Alyshia was at home on November 3 when two police officers knocked on her door at 11pm asking if she was Alyshia Wardle, a last name she no longer uses.
“They’re like, ‘are you the daughter of Sean Wardle?’ And I was like, Sean Wardle? Because even on his licence he is Sean Carlyle, and I was like, yeah and they were like, ‘sorry he’s been in an accident, and he’s passed away we need you to come away and identify him, you are his next of kin.’”
The news sent Alyshia “into shock”, but she still needed to go to the morgue to identify her father.

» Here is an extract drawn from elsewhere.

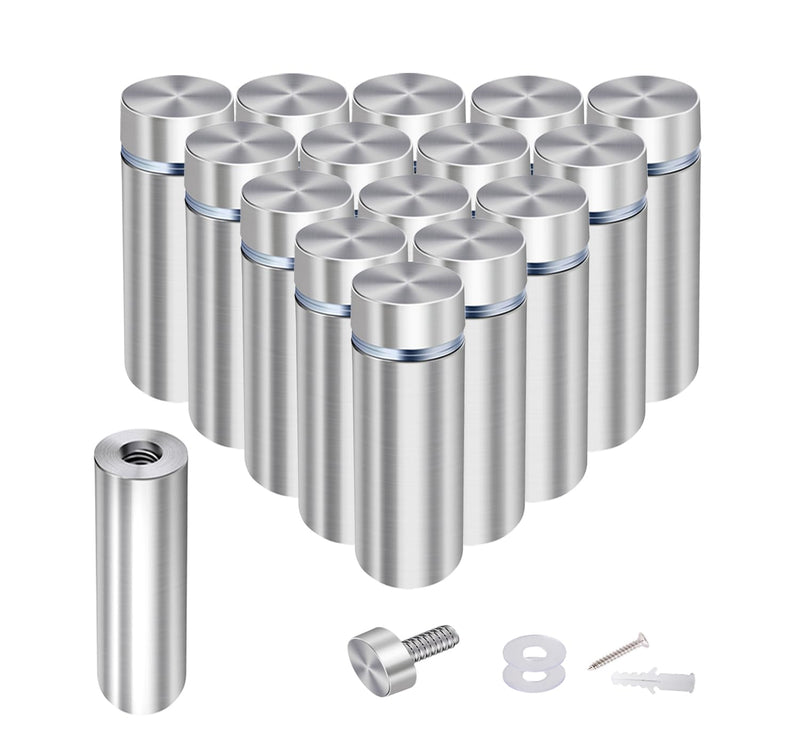 [Australia - AusPower] - 3/4” Dia x 2 2/5” L Standoffs Screws for Acrylic, Silver Sign Standoff Wall Mounts Hardware 16 Pack, Stainless Steel Stand Off Holder for Glass Board and Signage 3/4" x 2-2/5" 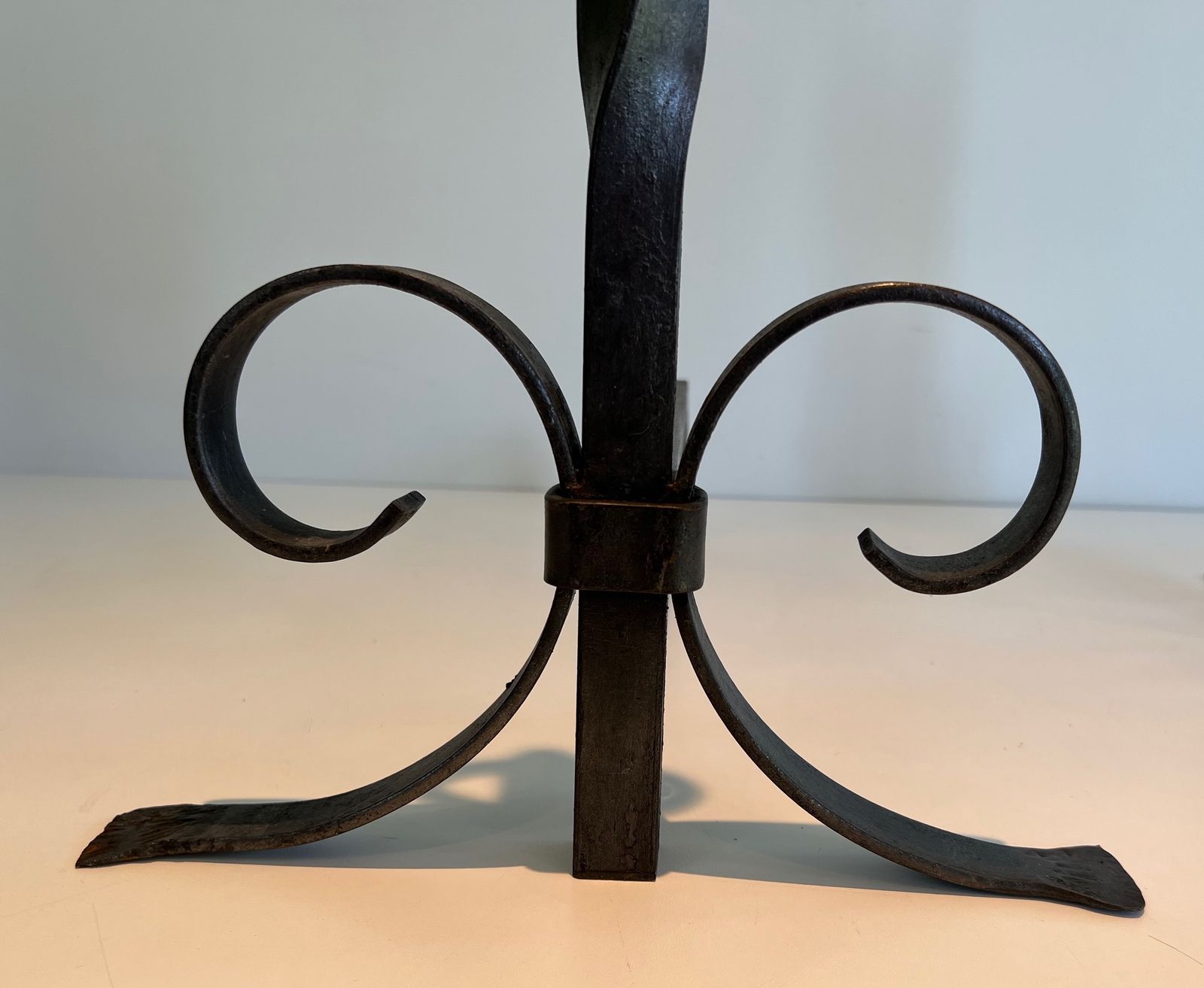 Pair Of Wrought Iron Andirons, 1950s photo vinterior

“By the time I got there it would have been just before 2 [am], and I had tried to ring my brothers to tell them and I couldn’t talk, so police took the phone off me and told them.”
Her brothers joined her at the morgue, so she did not have to see her father’s body alone.
“Our dad was our world, he was everything to us, he was such a good dad, he loved us. He never, ever judged us. You know we could make the most f***ed up decisions in life and we could screw totally up and dad had our backs no matter what, he was there.”
She told the Herald he was also a great poppa to his grandchildren and they all adored him.
“I never, ever dreamed my dad would be in a motorbike accident, not in a million years, there’s no one I trusted more. He had ridden from the bottom of the North Island to the top of the North Island, multiple times.”
Until now she said he’d never had an accident.
“Part of me is gone, I came from that man. I feel empty, I feel lost, I feel alone. I miss him, I miss his cheeky laugh and big grin.”
She even misses him scolding her over her cigarette use.
Alyshia said underneath his bravado and tattooed face was the most “genuine, accepting, intelligent, personable, charismatic man who absolutely had the gift of the gab”.
For the last two years she said he had been living with her in Waiuku on and off, and even the local shopkeeper cried when her father passed.
“He was very, very loved, he was very, very liked. He had a lot of friends.
“He never judged a soul, he was open about his flaws, he was honest, he was straight up and he would never judge you he was so accepting.”
A Givealittle has been launched to help cover his funeral costs.